> _Exercise prompt_
In the records below, the relevant part opens with the line containing "Grigio Usata 2022" and closes with the line containing "केदारनाथ मंदिर में"; print that part exactly and only, without its pictures.

> _Records to use_
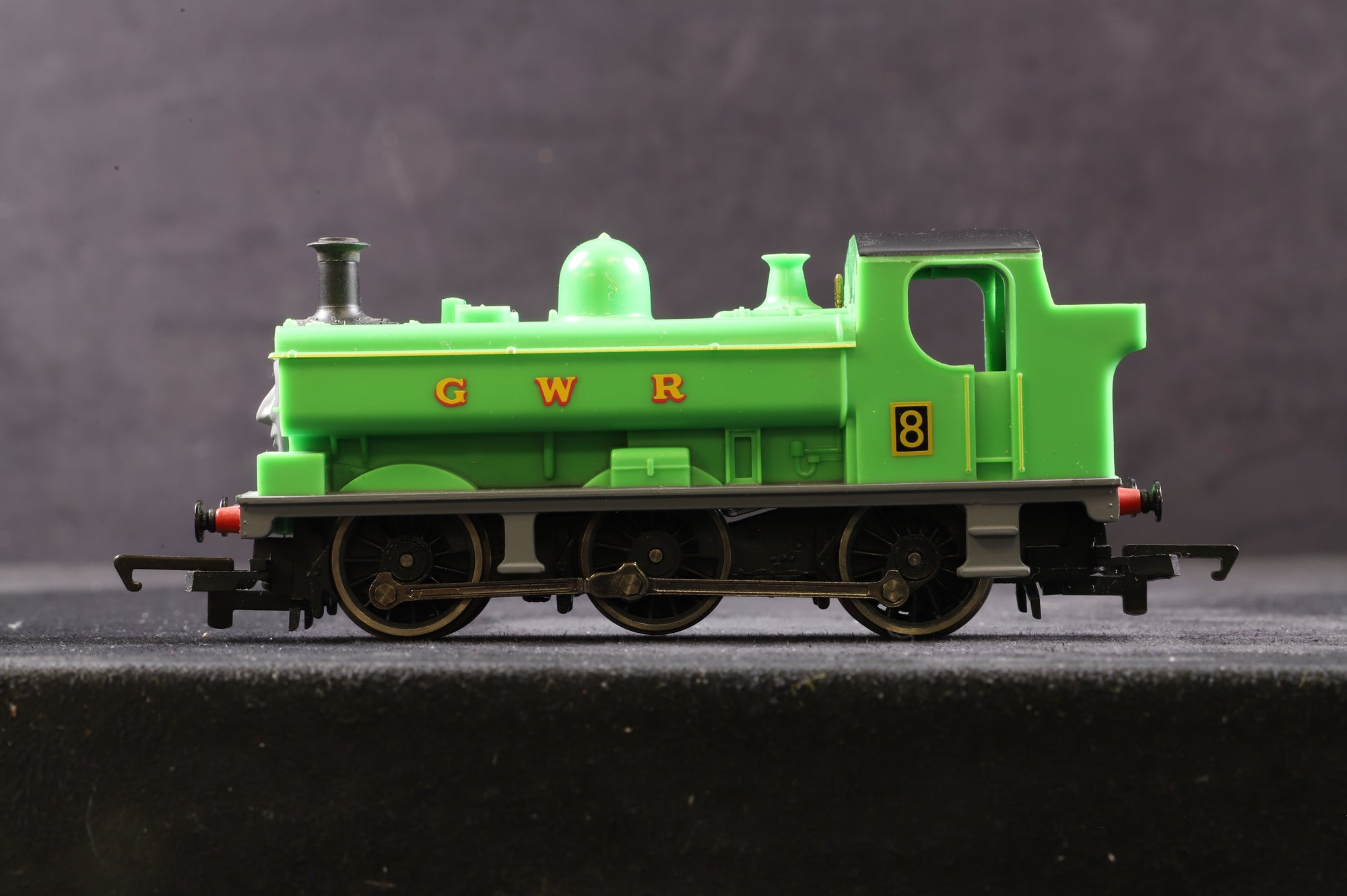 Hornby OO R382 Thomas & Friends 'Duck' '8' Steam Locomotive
* * *
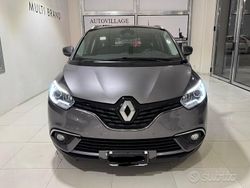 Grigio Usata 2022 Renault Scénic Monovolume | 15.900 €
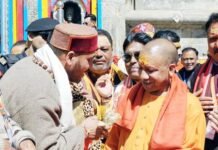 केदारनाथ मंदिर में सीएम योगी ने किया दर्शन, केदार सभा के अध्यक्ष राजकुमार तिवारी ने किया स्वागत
--
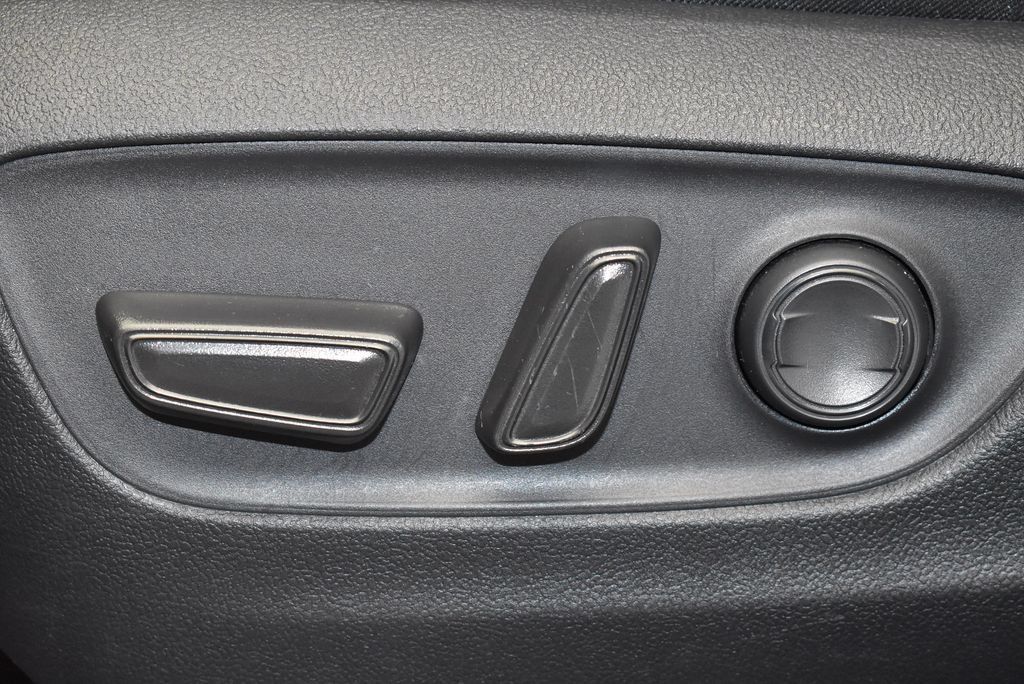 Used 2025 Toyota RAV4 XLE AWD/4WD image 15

> _Result of this task_
 Grigio Usata 2022 Renault Scénic Monovolume | 15.900 €
 केदारनाथ मंदिर में सीएम योगी ने किया दर्शन, केदार सभा के अध्यक्ष राजकुमार तिवारी ने किया स्वागत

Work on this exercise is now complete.